We will need to continue to adapt our business models:
Europe and North America will continue to move towards a more fully integrated air market
In most regions of the world, low cost airlines will continue this move towards a 50 percent share of the regional/domestic market.
With low cost airlines’ greater maturity and diversity – and legacy carriers’ improved cost discipline – the two business models will increasingly converge.
On the subject of infrastructure:
It is likely that airport capacity will vary considerably from one region to another.
This will always be an important commercial challenge to mitigate – or an opportunity to exploit.
However, I believe that significant improvement in air traffic control capacity resulting from the implementation of the various components of SESAR (Europe) and NextGen (USA) will be achieved.
The combination of the electronic networks and sophisticated biometrics will increasingly give air travelers a great deal of control in handling their travel needs, as well as checking and boarding, and including baggage handling at the airport.
While this increases passenger convenience, it also improves airline productivity and costs.
And thus we may have good reason to feel optimistic about the future of our industry. But it is equally obvious that there is no shortage of challenges.
The industry may be recovering from the last economic crisis – but its financial situation remains somewhat fragile.
Our past experience has shown that we continue to fail to learn how to manage through every economic crisis, and unless we do better, the financial situation of the airline industry will not improve.
The drive to increase market share continues to fuel the tendency for the whole industry to provide far too much capacity.
Which brings much pressure to bear on the commercial people who are expected to react on short notice and fill that capacity – without any significant deterioration of the yield!
How does anyone develop a sensible long-term commercial strategy, when the pressure to meet next month’s revenue targets and bottom line objectives can become all-consuming?
As the saying goes …:
“When you got many alligators biting at your ass, it’s hard to remember that you came in to clean the swamp.”
Thus, it seems to me that in the foreseeable future, the battles for the customer will be as fierce as ever.
There is no room for complacency.
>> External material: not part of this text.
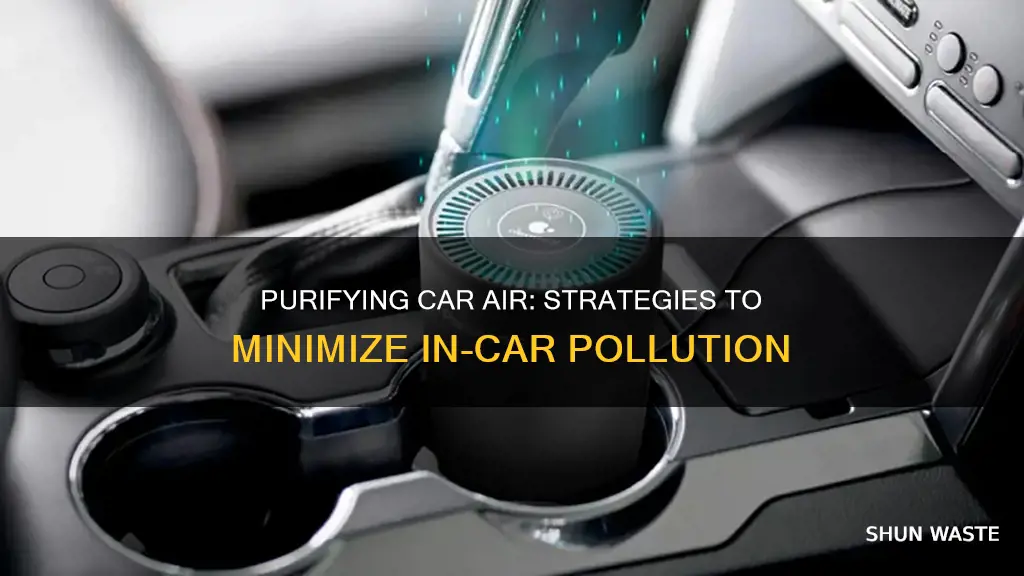 how to reduce air pollution inside a car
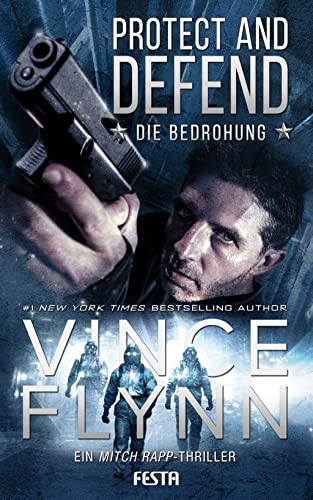 Vince Flynn - Protect and Defend - Die Bedrohung: Ein Mitch Rapp Thriller - Preis vom 09.10.2026 07:28:09 h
Keeping ahead of the game will continue to require much ingenuity.
Every sale is important and can count – as long as it generates an incremental contribution to the bottom line.
And of course, we should always remember that we are fundamentally a service industry, and that the human dimension is an important – indeed a central element – of the service we provide.
Understanding your customer is fundamental, and having first hand knowledge – and relations – is invaluable.
The founders of the Ritz Hotel used to say:
“A complaint is an opportunity with a client.”
However, with passengers fully able to handle their own reservations, checking, boarding etc., we may be losing a very important personal contact.
Some airlines are compensating to some extent for this lack of personal contact by making extensive use of web-based social networks.
They are increasingly using “Twitter-like” networks to listen to what their customers have to say – and are also finding this social network to be a good way to promote their fare sales.
Versions of Facebook are likely to be used extensively to keep a personal contact with the traveler, and allow a platform for discussion.
Facebook is now reported to be the most used website by in-flight WiFi users.
Some airlines are also busy developing a variety of i-phone applications to deal directly with their clients.
Unlocking the full power of social media for travel application and services is the latest way of keeping in touch with the customer.
All of which simply adds one more important dimension contributing to the never-ending transformation of our aviation industry – and continuing to make it an exciting world in which to be involved.